Falling Man, Don DeLillo: a post 9/11 novel
See 9/11 Falling Man reflection here.
Set in a post-9/11 world, Falling Man, Don DeLillo’s most recent novel (May 2007), attempts to grapple with the social, interpersonal, psychological and, at times, spiritual impact of the destruction of Twin Towers. This impact is etched into the life of fictional Manhattan survivor, Kieth Neudeckor, and his family.
The themes, characters, structure, and plot of Falling Man raise many questions without providing all the answers. The reader is immediately thrust into a world “of falling ash and near night,” and abandoned in anticipation to find his/her way through the achronological sequence of events that follow. Along the way we encounter a suit and tie performance artist who jumps from great heights while attached to a hidden safety harness, whose purpose is never made crystal clear. What would compel a man to do such a thing? This character is, of course, snatched from the controversial photo taken during 9/11 of a man free falling in front of the Two Towers (right).
Despite the disjointed, post-modern structure of the novel, its content is decidedly existential. We are given an embarrassingly privileged and gripping insight into how some people have and must still struggle with the force of this tragedy. As a result of reading this book, I already possess a greater empathy for the 9/11 survivors and victims’ families.
The book moves beyond sentiment and compassion to wrestle with the connected and deeply philosophical, theological questions of epistemology, reason for being, etc. Some quotes…
“Human existence had to have a deeper source than our own dank fluids. Dank or rank. There had to be a force behind it, a principal being who was and is and ever shall be.”
“God used to be an urban Jew. He’s back in the desert now.”
“God would consume her. God would de-create her and she was too small and tame to resist. That’s why she was resisting now. Because think about it. Because once you believe such a thing. God is, then how can you escape, how survive the power of it, is and was and ever shall be.”

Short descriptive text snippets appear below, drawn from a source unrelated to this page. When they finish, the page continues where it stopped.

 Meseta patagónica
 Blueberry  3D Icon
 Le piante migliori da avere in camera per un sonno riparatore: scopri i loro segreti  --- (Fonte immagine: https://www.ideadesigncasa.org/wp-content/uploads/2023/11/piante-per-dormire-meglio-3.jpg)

“Twenty years. Eating and sleeping together. You don’t know? Did you ask him? Did you press him?”
“They talked a minute longer, then went to their designated tables without making plans to meet later. The idea of later was elusive.”
Falling Man has been criticized for being a “frustratingly disjointed novel” and praised as “pages of magnificent force and control.” It would be best to read it and decide for yourself. But beware, if imperfect endings and unresolved conflicts bother you, this is not the book for you (or perhaps it is just what you need).